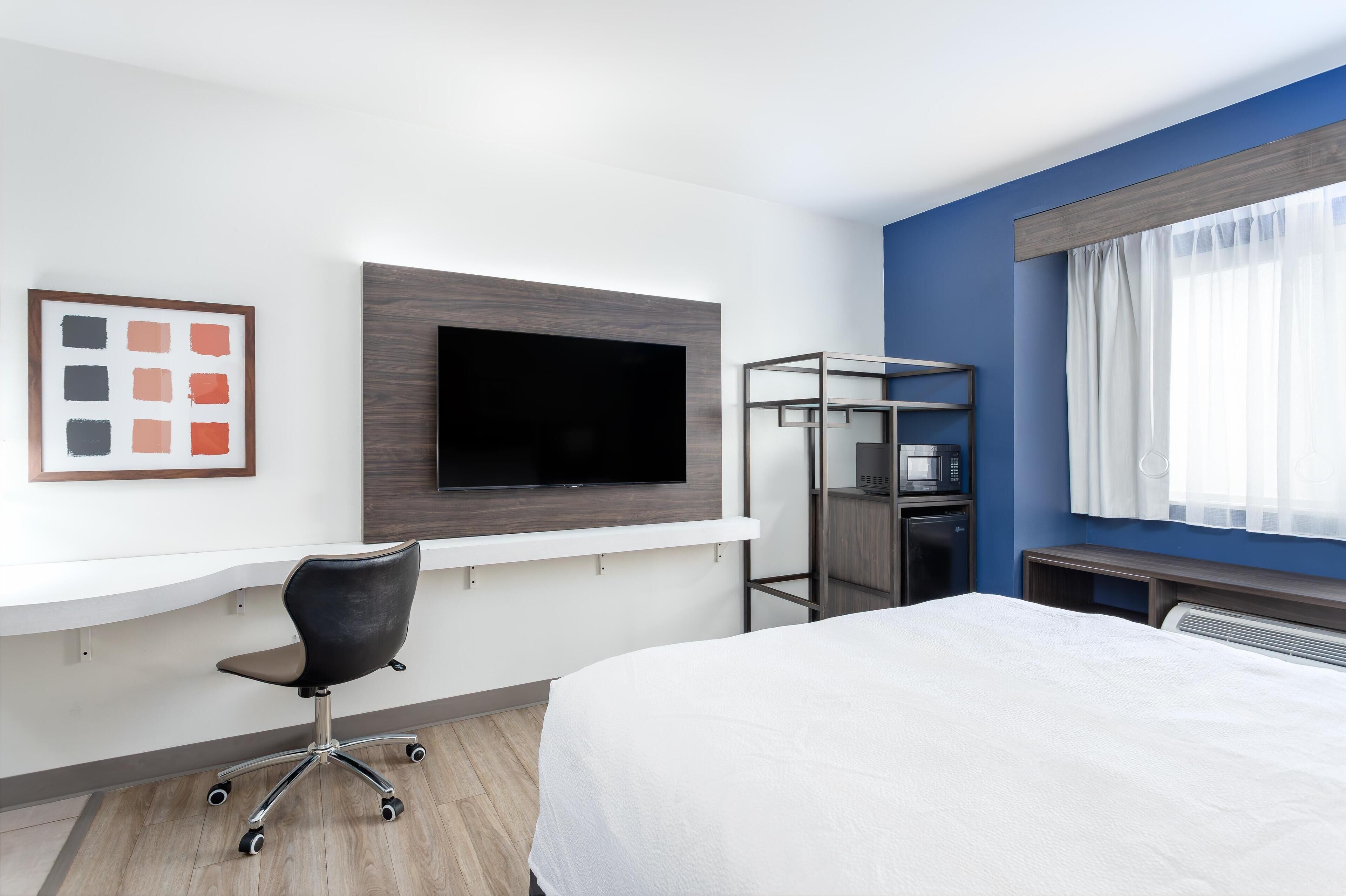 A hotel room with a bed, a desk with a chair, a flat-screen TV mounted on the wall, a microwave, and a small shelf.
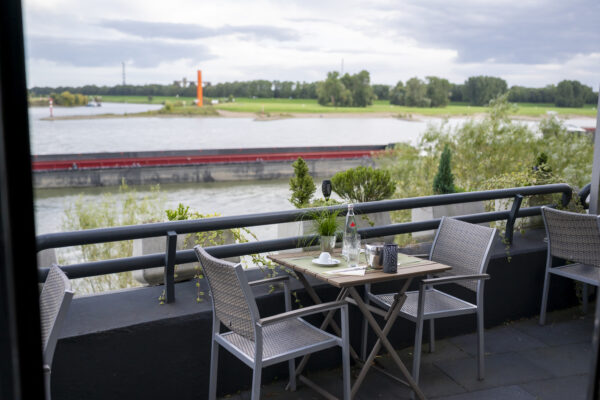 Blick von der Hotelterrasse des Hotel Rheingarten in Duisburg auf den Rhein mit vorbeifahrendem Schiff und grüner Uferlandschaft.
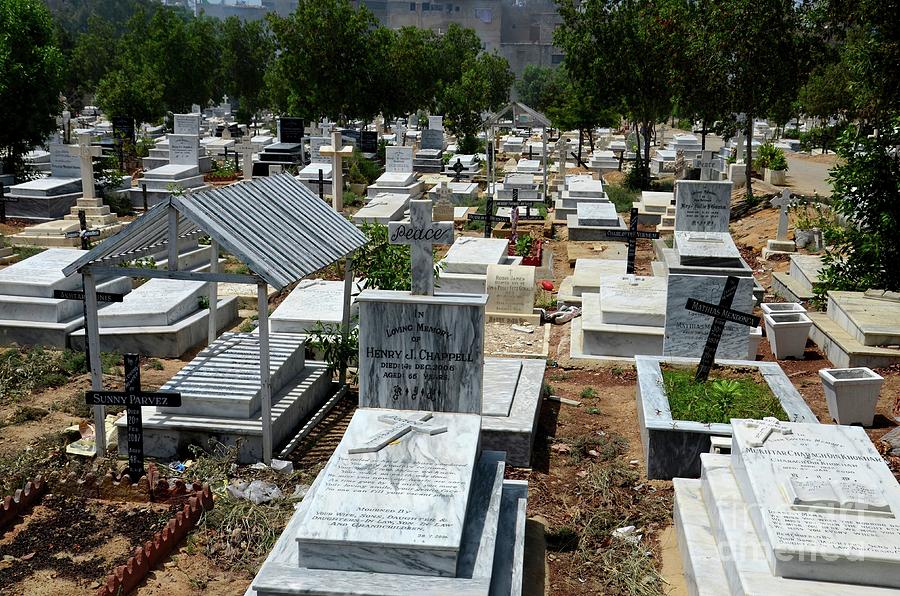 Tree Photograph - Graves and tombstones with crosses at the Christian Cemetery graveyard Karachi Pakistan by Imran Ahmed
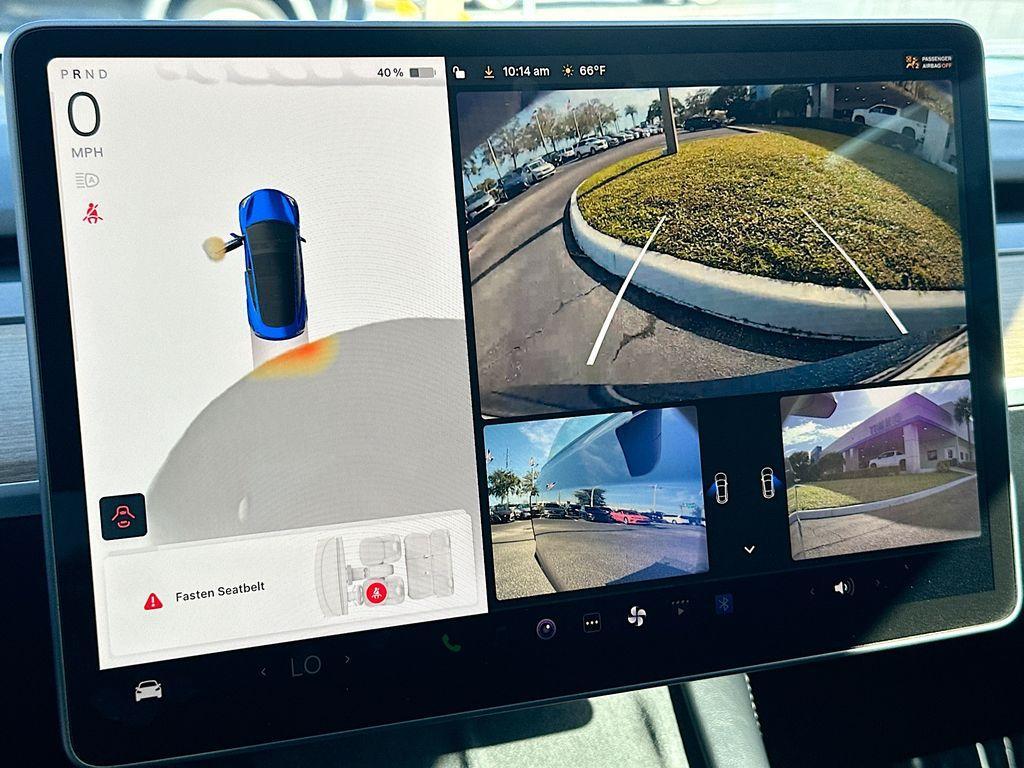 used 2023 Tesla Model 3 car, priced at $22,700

--- What is expected ---
In your copy of the material, every word must match and no image should appear.

--- Solution to the problem ---
 A hotel room with a bed, a desk with a chair, a flat-screen TV mounted on the wall, a microwave, and a small shelf.
 Blick von der Hotelterrasse des Hotel Rheingarten in Duisburg auf den Rhein mit vorbeifahrendem Schiff und grüner Uferlandschaft.
 Tree Photograph - Graves and tombstones with crosses at the Christian Cemetery graveyard Karachi Pakistan by Imran Ahmed
 used 2023 Tesla Model 3 car, priced at $22,700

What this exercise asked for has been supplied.